The law of unintended consequences in action once again.
As for the negative impact that the aggregate-demand control agenda has on the supply side (i.e. productivity growth or MEC improvement, through changes in capital stock) at dealing with inflation when it is about to become higher than what the authorities and public regard as acceptable, Richard Kahn says that the economic waste is particularly great if the aggregate demand is regulated in the form of restricting productive investment – existing or potential, and then the growth in productivity (i.e. the schedule of the MEC in Keynes’ terminology) and the permissible limit of wage rise will be curbed correspondingly to increase the amount of unemployment required to secure observance of the limit. He says that those will be the main result of relying on monetary policy to control the aggregate demand.
Ryan appears to be underestimating the issue of supply-side impacts the agenda he advocates has. The demand-side impacts will cause no problem in harmonising inflation and output, on which we readers know Ryan always concentrate. But, at the same time we should not overlook the fact that the supply-side impacts of the same agenda will exacerbate conflict between inflation and output. That will become a big problem, as Kahn explains, after the phase of relation, when inflation is about to exceed the upper limit of the target (or what Ben Bernanke considers to be the upper limit in case of his present version of inflation-targeting within not a range but at a rate – 2 per cent) and the authorities have to fight inflation – like the 1970s. As Kahn rightly calls it an economic waste, it is not easy to make up for the waste that will require a huge cost.

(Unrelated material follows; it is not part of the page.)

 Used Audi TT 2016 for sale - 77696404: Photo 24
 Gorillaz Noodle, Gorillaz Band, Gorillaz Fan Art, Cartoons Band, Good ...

I wouldn’t contend against Ryan’s view if he believed that a long phase of stagflation followed by a short phase of (crazy) supply-side deregulations that would end up facing a public-finances trouble was a necessary condition to eventually form a public consensus for the TEFRA-style tax increase, because I take my position in favour of such a tax increase program.
I think Mr Obama could implement one without such a lengthy process of forming a public consensus for it, though.
Well, as one of the counter-datapoints, I'm glad for things to hold steady.
Be like a doctor. keep on paying visits to refresh the courses or you will close the shop. No one wants the one of 1970s now. I thank you Firozali A.Mulla DBA
Doin' my best. Thanks.
The January jobs number surprised all mainstream economists and that is partly why business cycles happen. Mainstream forecasts of job growth and inflation will continue to lag behind the improving economy until it's too late. By the time the Fed recognizes it has a problem on its hands with inflation, probably some time in 2013, rising commodity prices caused by Fed credit expansion will choke off the recovery.
Commodity price increases, including oil, don't happen randomly. They result from credit expansion. People noticed the spike in oil prices in 2011 that contributed to the decline in the economy to the end of the year, but all commodities rose at that time.
The Fed proposes, but commodities dispose.
Gee, wouldn't it be nifty if the Fed really were next-to-omnipotent ?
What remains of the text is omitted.